● Problem statement: Once you find the line with "Sandisk Extreme Pro" in the listing below, set down exactly every line from it through the line with "Bomann WA 7185", but no pictures.

● Study material:
········

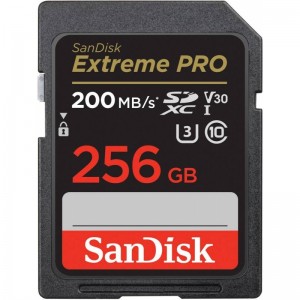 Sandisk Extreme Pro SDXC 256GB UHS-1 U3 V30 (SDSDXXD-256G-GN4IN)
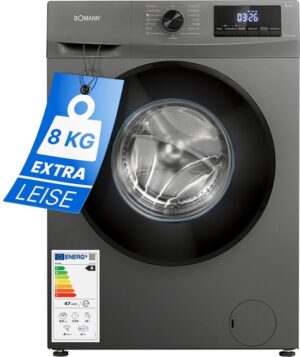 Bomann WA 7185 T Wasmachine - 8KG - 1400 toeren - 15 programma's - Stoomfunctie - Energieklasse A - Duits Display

········

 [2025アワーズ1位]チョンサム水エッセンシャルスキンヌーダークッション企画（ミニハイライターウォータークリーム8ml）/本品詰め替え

········

● Response to the exercise:
 Sandisk Extreme Pro SDXC 256GB UHS-1 U3 V30 (SDSDXXD-256G-GN4IN)
 Bomann WA 7185 T Wasmachine - 8KG - 1400 toeren - 15 programma's - Stoomfunctie - Energieklasse A - Duits Display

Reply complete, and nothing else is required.